Arguments de l'intimée

[28]          L'intimée considère la position de l'appelante comme une façon pour cette dernière de transformer en bénéfices des fonds qui lui sont versés en fiducie par les compagnies aériennes. L'avocat de l'intimée souligne qu'il y a deux opérations : l'une est enregistrée sur la facture remise au client, laquelle indique le plein tarif, et l'autre est enregistrée dans le rapport BSP, qui reflète une entente entre les compagnies aériennes et les agences de voyages.
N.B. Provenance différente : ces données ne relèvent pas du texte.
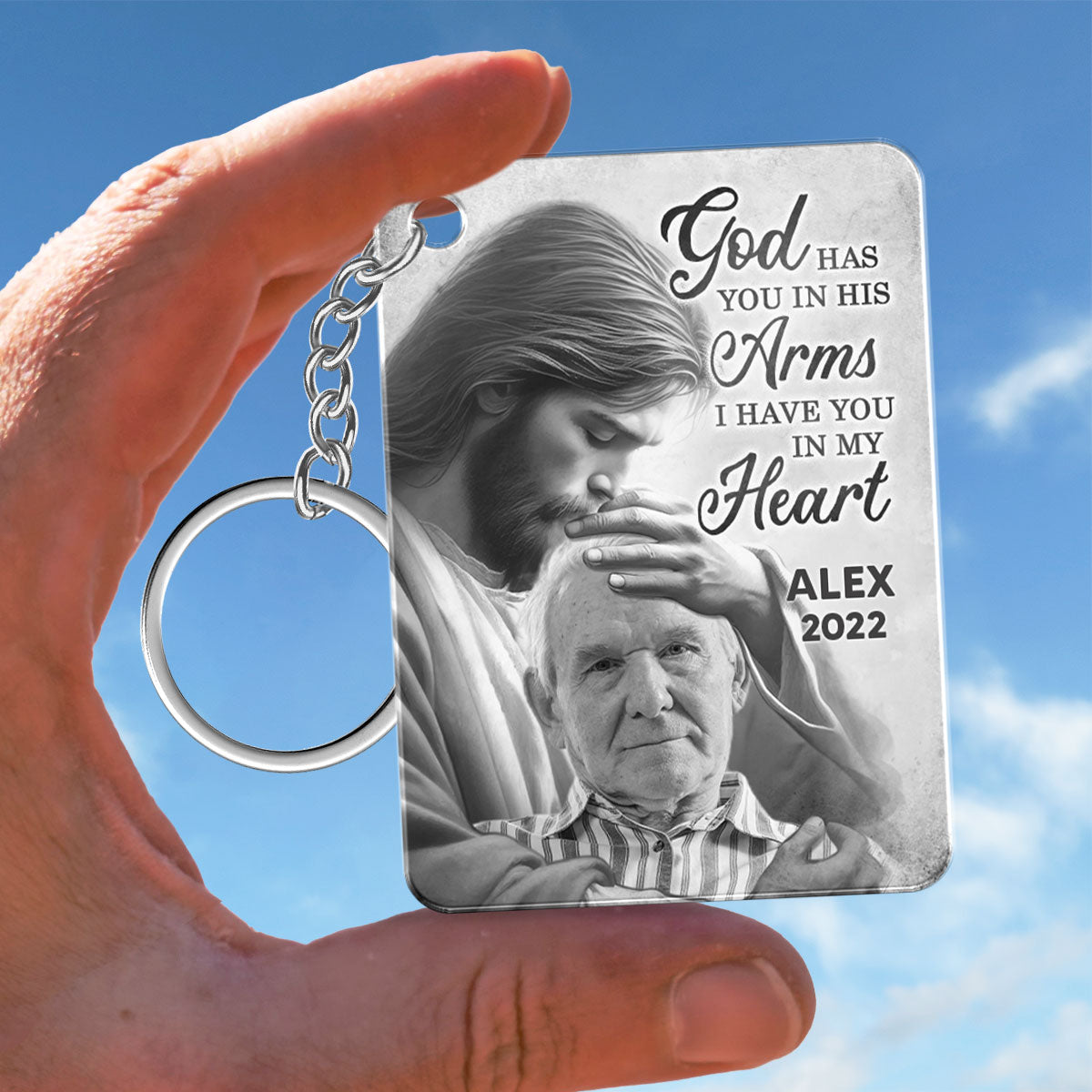 God Has You In His Arms Memorial Sympathy Gift Remembrance Keepsake Photo Inserted Personalized Acrylic Keychain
D'après l'intimée, l'appelante faisait fonction de mandataire pour les transporteurs aériens; ainsi, elle vendait des billets à des voyageurs au plein tarif déterminé par les transporteurs aériens, qui établissaient des factures à son égard en conséquence. L'appelante réduisait en fait alors son revenu en offrant des rabais à des voyageurs. L'intimée soutient toutefois que cette réduction de revenu ne réduisait pas le montant des commissions versées à l'appelante par les transporteurs aériens, soit la contrepartie sur laquelle la TPS est calculée. Dans le cas présent, la fourniture est une fourniture de services à des compagnies aériennes basée sur une entente entre les compagnies aériennes et les agences de voyages, ce dont témoigne le rapport BSP.

[29]          L'avocat ajoute que la marge bénéficiaire de l'appelante est intégrée dans le montant de cette commission. Il argue que, ce qui ne va pas, c'est que l'agence empoche la TPS sur cette commission et dit que c'est un profit. En fait, donc, le profit réalisé par l'appelante sur chaque opération tarif net était le montant du profit effectif (moins la TPS sur ce profit) et la TPS perçue des compagnies aériennes et non versée à Revenu Canada.
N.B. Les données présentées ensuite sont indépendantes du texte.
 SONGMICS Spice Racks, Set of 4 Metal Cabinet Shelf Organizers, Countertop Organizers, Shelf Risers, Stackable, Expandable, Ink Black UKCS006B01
[30]          L'avocat argue que la TPS est une taxe à stades multiples. Dans le cas présent, la TPS ne suivait pas son cours. Elle était perçue par l'appelante, mais non versée à Revenu Canada. La structure et le contexte de la Loi ne permettent pas de transformer la TPS en un profit. Ou bien la TPS est perçue à raison et ensuite versée, ou bien elle est perçue à tort, auquel cas la Loi prévoit des mécanismes pour que la TPS soit remboursée à la partie de qui elle a été perçue à tort.

[31]          Enfin, l'avocat de l'intimée soutient que l'appelante n'achetait pas les billets tarif net aux transporteurs aériens, de sorte qu'aucun fondement ne permettait à l'appelante de demander des crédits de taxe sur les intrants relativement à ces billets.

Analyse

[32]          Cette affaire tourne principalement autour de la question de savoir si les montants des rabais considérés comme des commissions par le ministre ainsi que dans les rapports BSP étaient de véritables commissions ou une véritable contrepartie, soit des montants payables pour une fourniture au sens du paragraphe 123(1) de la Loi. Dans l'affirmative, les parties ne contestent pas le fait que la TPS perçue par l'appelante sur ce qui est appelé les commissions doit être versée à l'intimée. Dans la négative, il faut déterminer si l'appelante avait droit à un crédit relativement à des sommes versées au receveur général en raison du fait que de la TPS avait été, par erreur, perçue en trop des compagnies aériennes.

Commissions

[33]          D'une manière générale, on ne conteste pas le fait que les commissions reçues des compagnies aériennes par l'agence de voyages sont la contrepartie de services fournis aux compagnies aériennes. Il s'agit maintenant de déterminer si les montants des rabais sont de véritables commissions.

[34]          Le Concise Oxford Dictionary (Oxford, presses de l'Université d'Oxford, 1990) définit le mot anglais « commission » (commission) comme désignant un pourcentage versé à un mandataire sur les profits tirés de produits ou autres éléments vendus ou d'occasions d'affaire obtenues. D'après cette définition, quelque chose doit effectivement être versé à quelqu'un pour qu'un montant constitue une commission, et le montant doit être exprimé en pourcentage.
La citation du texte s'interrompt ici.